Everything work except for the last line. My goal is to calculate the best fit through the chi-squared test. There is something wrong with the application of leastsq function. z,d and d_err are arrays of the same length, given (the experimental data).
def df(z,omega_m,omega_l):
return 1/(np.sqrt(omega_m*(1+z)**3+(1-omega_m-omega_l)*(1+z)**2+omega_l))
def DL(z,omega_m,omega_l,H_0): # checked with Hubble's law with low z, it is consistent
f,err_f=scipy.integrate.quad(df,0,z,args=(omega_m,omega_l)) # it's evident err_f it's irrelevant
if omega_m+omega_l==1:
return 299792./H_0*(1+z)*f
elif omega_m+omega_l<1:
fk=np.sin(np.sqrt(np.absolute(1-omega_l-omega_m))*f)
return 299792./H_0*(1+z)/np.sqrt(np.absolute(1-omega_m-omega_l))*fk
elif omega_m+omega_l>1:
fk=np.sinh(np.sqrt(np.absolute(1-omega_l-omega_m))*f)
return 299792./H_0*(1+z)/np.sqrt(np.absolute(1-omega_m-omega_l))*fk
params=(0.3,0.7,73) # starting values for minimization omega_m, omega_l, H_0
def chi(params,z,d,d_err): # checked, this function works
return (d-DL(z,params[0],params[1],params[2]))**2/d_err
minimization,minimization_cov=optimize.leastsq(chi,params,args=(z,d,d_err))

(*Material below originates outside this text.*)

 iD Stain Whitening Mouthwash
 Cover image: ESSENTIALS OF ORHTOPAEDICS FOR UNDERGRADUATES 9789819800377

This is the complete message of error:
File "C:\Python34\lib\site-packages\scipy\integrate\quadpack.py", line 360, in _quad
if (b != Inf and a != -Inf): ValueError: The truth value of an array with more than one element is ambiguous. Use a.any() or a.all()

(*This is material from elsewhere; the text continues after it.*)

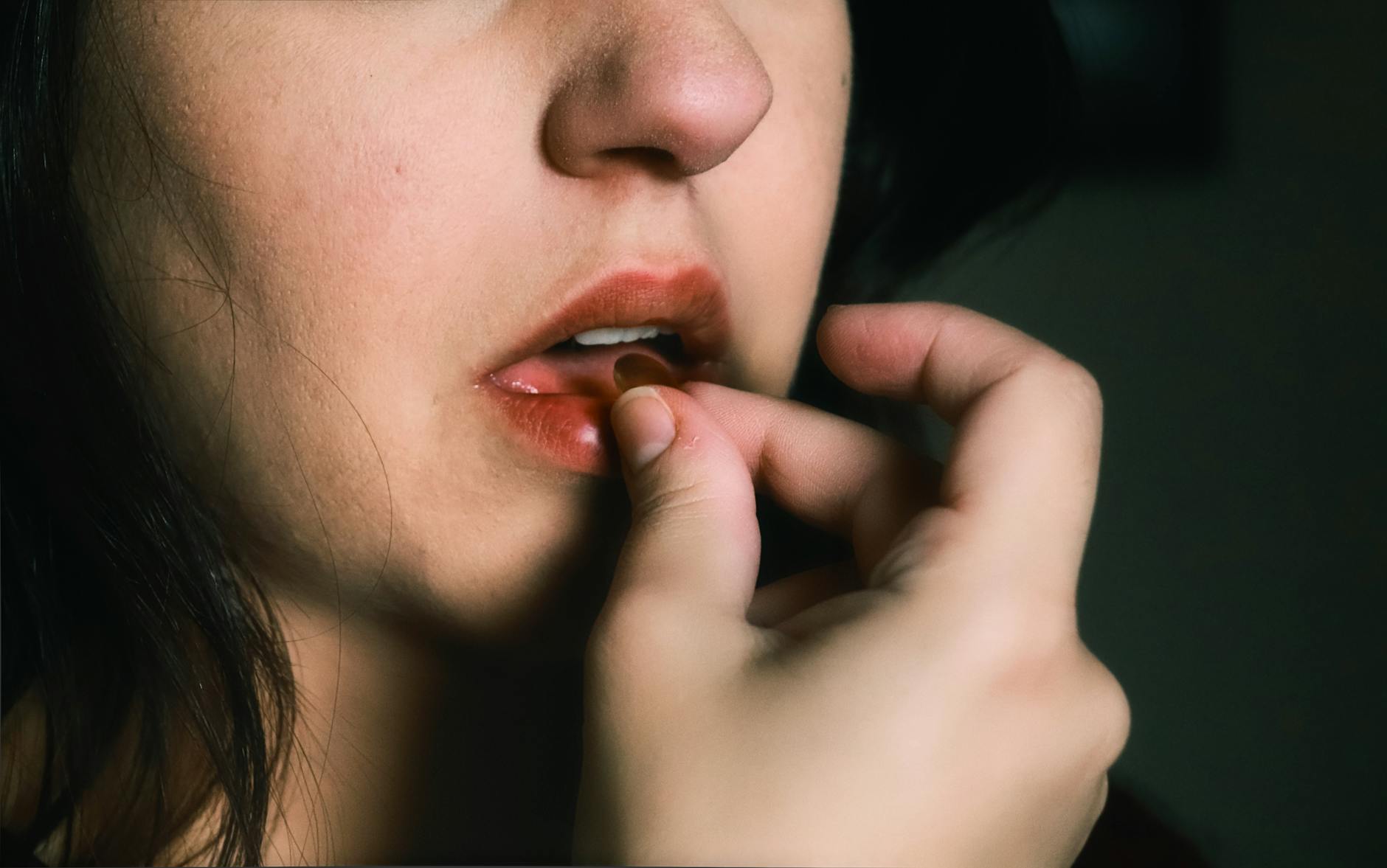 Lip Care Supplements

The third argument to scipy.integrate.quad()
is the upper limit and must be a float. You use z
as the third argument which is a NumPy array.
Signature: scipy.integrate.quad(func, a, b, ...)
Integrate func from
a
tob
(possibly infinite interval) using a technique from the Fortran library QUADPACK.
...
a : float
Lower limit of integration (use -numpy.inf for -infinity).
b : float
Upper limit of integration (use numpy.inf for +infinity).